急! F5 Trigonometry 11q7

Q20.
(a) Area of triangle FBC = (1/2)(8)(8)sin 45 = 22.6274
The perpendicular distance from F to BC x BC x 1/2 = Area of triangle FBC
So the perpendicular distance from F to BC = 22.6274 x 2/8 = 5.6569
AF^2 = 7^2 + 8^2, so AF = 10.6301
So angle between FA and plane ABCD = arc sin ( 5.6569/10.6301) = 32.15 degree.
(b)
By Cosine Rule, FC^2 = 8^2 + 8^2 - 2(8)(8)cos 45.
So FC = 6.1229
AF = AC = 10.6301
By Cosine Rule
FC^2 = AF^2 + AC^2 - 2(AF)(AC)cos (angle FAC)
37.4903 = 113 + 113 - 2(113) cos ( angle FAC)
angle FAC = angle between line FA and line AC
= arc cos (188.5097/226)
= 33.4763 degree.
Q21.
(ai) Angle between line AB and plane = arc sin ( 5/13) = 22.6199 degree.
(aii) By Cosine Rule,
AC^2 = AB^2 + BC^2 - 2(AB)(BC) cos ( angle ABC)
8^2 = 8^2 + 13^2 - 2(13)(8) cos ( angle ABC)
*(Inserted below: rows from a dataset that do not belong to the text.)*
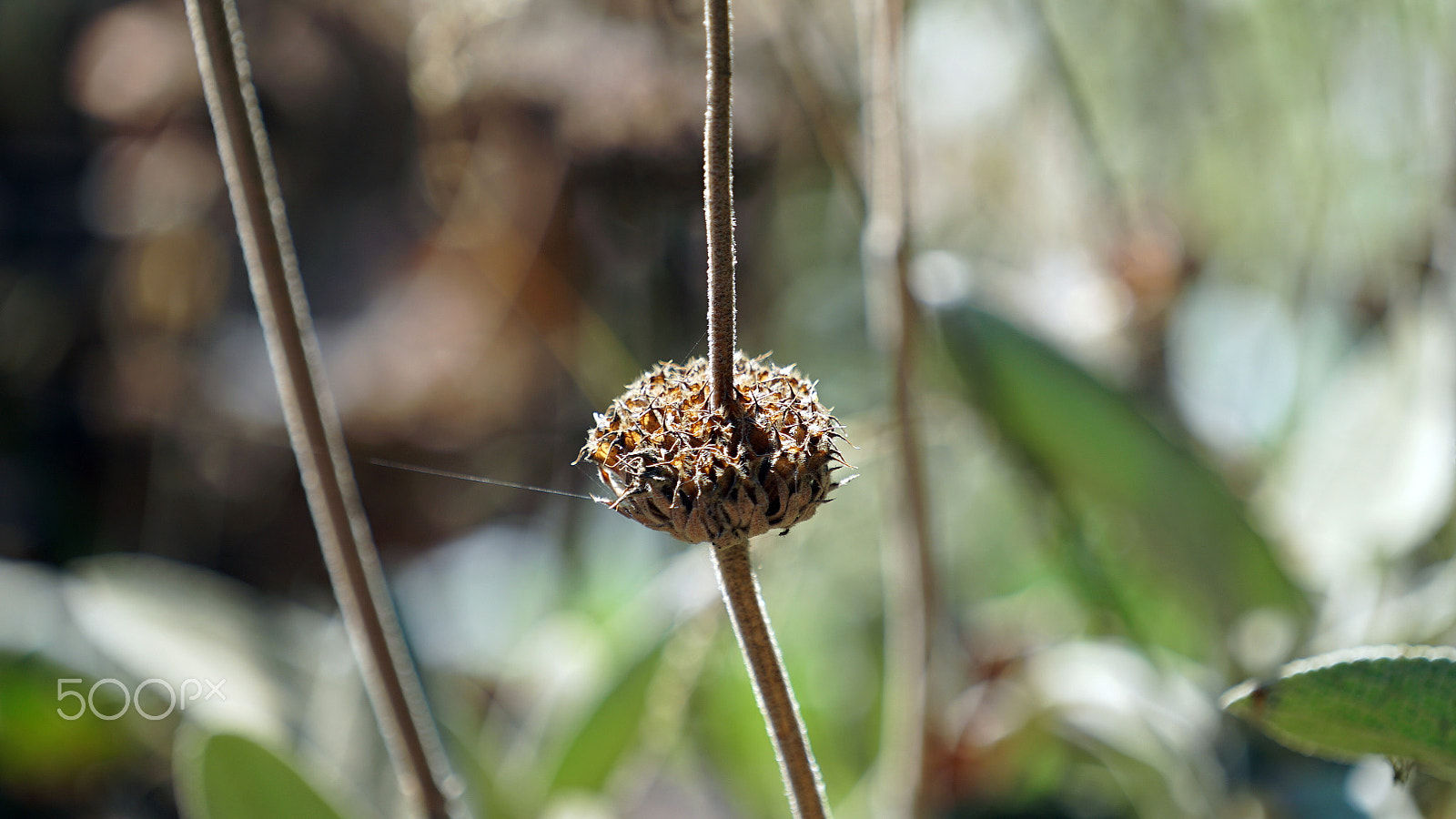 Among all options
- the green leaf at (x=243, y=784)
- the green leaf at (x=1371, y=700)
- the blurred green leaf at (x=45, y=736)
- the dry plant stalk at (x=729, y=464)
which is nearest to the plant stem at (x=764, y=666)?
the dry plant stalk at (x=729, y=464)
so angle ABC = arc cos ( 13/16) = 35.6591 degree
so the perpendicular distance from A to BC = AB sin 35.6591 = 13 sin 35.6591 = 7.5785
so angle between the 2 planes = arc sin ( 5/7.5785) = 41.2817 degree.
(bi)
The perpendicular distance from D to BC/The perpendicular distance from A to BC = cos 41.2817
So the perpendicular distance from D to BC = 7.5785 x cos 41.2817 = 5.6951
So area of the projection = 5.6951 x 8 x 1/2 = 22.7802
(bii)
Since area of projection = area of triangle ABC x cos ( angle between ABC and the projection), so when A is lifted up, angle between them increases, cosine of the angle decreases, so area of projection decreases.